Usually, of course, businesses in a free market don’t face government caps on how many stores they can own.
But Georgia law and legislators have protected entrenched auto dealers by banning manufacturers from directly selling new vehicles to consumers, at least in any meaningful number.
So instead, consumers — and automakers — are forced to use independent dealers for new cars.
Maybe that’s fine for companies like Ford and Honda that chose to grow with dealers.
Tesla, though, wanted to try a different path. So it’s been fighting with states across the nation to get around arcane legal limits.
Tesla has won some ground in the fight in Georgia.
Lawmakers here begrudgingly created a narrow exception for Tesla last year, after Georgia dealers sued to halt all Tesla sales in the state, and Tesla argued a loophole in the law excused it from state limitations. The two sides worked out a compromise.

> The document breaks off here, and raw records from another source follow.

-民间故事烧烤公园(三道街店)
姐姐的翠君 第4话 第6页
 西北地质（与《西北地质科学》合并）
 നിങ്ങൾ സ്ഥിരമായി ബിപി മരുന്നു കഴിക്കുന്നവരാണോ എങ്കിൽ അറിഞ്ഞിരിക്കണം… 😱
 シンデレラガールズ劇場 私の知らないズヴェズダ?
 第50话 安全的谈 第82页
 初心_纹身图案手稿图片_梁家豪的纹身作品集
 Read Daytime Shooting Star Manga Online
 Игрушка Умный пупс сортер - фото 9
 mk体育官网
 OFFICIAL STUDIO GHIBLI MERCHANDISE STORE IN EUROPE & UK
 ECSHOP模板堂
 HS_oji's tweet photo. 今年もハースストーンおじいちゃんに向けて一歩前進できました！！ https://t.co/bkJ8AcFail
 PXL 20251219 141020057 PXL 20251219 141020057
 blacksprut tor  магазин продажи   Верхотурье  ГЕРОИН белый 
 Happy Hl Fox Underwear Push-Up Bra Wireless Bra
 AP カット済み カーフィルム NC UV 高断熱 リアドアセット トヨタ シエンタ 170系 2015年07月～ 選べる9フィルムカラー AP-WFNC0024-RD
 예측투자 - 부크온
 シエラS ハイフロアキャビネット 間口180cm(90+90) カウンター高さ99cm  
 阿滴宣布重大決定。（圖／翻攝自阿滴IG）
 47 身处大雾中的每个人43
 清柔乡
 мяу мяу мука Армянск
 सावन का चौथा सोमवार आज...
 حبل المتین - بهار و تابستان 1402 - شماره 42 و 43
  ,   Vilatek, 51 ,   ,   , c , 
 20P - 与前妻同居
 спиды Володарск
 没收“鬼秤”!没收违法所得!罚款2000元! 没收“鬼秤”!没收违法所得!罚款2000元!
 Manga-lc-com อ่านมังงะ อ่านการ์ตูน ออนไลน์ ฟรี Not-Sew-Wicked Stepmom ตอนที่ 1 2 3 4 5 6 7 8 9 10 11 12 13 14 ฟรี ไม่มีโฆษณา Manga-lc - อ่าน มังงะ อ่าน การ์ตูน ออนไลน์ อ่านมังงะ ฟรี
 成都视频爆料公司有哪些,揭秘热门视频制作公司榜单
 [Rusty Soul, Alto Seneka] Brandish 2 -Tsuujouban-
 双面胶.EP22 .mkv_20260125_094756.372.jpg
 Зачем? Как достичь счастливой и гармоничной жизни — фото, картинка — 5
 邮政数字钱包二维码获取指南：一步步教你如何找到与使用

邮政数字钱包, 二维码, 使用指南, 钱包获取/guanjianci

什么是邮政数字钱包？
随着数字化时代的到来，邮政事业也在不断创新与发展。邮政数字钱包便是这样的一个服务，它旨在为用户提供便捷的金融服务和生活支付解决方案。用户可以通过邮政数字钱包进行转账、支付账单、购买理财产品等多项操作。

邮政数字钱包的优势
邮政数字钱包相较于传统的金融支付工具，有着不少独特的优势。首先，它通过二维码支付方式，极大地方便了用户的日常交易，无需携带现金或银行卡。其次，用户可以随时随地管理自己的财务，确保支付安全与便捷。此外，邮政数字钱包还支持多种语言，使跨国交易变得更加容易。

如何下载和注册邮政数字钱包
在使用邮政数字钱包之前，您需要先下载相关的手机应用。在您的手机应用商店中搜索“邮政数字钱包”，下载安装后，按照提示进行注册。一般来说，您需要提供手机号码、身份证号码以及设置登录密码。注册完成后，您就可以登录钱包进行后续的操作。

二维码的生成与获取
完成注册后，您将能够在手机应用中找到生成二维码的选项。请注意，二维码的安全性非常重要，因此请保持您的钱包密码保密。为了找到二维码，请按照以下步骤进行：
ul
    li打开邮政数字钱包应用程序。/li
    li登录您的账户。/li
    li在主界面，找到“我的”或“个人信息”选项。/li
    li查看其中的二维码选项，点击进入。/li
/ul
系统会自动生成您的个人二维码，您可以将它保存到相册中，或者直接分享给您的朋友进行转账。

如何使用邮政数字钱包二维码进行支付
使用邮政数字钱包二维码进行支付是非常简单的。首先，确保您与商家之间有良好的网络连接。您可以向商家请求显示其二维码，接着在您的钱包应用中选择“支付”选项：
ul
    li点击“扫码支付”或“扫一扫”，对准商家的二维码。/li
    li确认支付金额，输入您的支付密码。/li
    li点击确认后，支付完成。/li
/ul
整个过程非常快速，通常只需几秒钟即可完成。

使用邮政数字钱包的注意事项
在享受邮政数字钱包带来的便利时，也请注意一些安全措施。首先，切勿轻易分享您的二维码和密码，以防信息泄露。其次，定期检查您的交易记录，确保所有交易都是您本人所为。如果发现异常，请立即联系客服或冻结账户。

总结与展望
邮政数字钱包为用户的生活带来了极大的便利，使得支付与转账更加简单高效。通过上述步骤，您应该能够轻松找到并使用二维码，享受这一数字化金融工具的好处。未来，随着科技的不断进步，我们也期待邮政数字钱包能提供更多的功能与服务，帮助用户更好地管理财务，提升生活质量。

The new legislation didn’t mention Tesla by name. But it was written so that only the company would qualify for an exception allowing it to have five Georgia retail locations. (Tesla’s stores are in Marietta, Decatur, Lenox Square mall in Buckhead and, now, the Avalon development in Alpharetta.)
“Hopefully, it will be the last”
Georgia dealers, who regularly give mountains of campaign donations to legislators and employ more than 30,000 Georgians, got something they wanted, too. The legislature eliminated a legal loophole that might have let other new automakers sell without using independent dealers.
“Tesla is the first,” Bill Morie, the president of the Georgia Automobile Dealers Association, told me last year. “Hopefully, it will be the last.”
Recently, Morie stressed to me again how the independent dealership system gives consumers price competition for the same models and acts as a consumer advocate to deal with recalls and service issues.
He isn’t interested in Tesla getting any more sales outlets to serve consumers.
For now, Tesla says it can operate within the current Georgia limitations.
“It is certainly not a perfect solution, but it is a solution,” Diarmuid O’Connell, the company’s vice president of business development, told me.
Of course, if Tesla is to grow the use of electric vehicles the way it wants in Georgia, he said, “we are going to have to move beyond urban Atlanta at some point. But that is in the future.”
Personally, I can’t think of a good reason for government to keep innovations like this or others out of south Georgia or anywhere else.
The limits shouldn’t stand. Not the ones on Tesla. And certainly not the virtual ban on any future startup automakers that might want to sell direct to consumers.
There’s no compelling governmental need in this instance for politicians to pick business favorites and to restrict consumer choice in new car sales.
(Fair disclosure: like traditional automakers, Tesla has benefited from government love. For example, it got a $465 million federal loan to reopen a production plant. It repaid the money.)
State Rep. Chuck Martin pushed for the Georgia legislation last year that allowed Tesla to keep selling cars in Georgia.
The Alpharetta Republican told me he’s open to making more changes. Generally, he said, “we need to move to a model dictated by the free market and not the Georgia legislature.”
He said he wants auto dealers to help devise ideas for how to do that. He just doubts many are willing to give up government protections and risk jobs and substantial investments in the process.
I get that. But that’s the difference between a free market and a free lunch.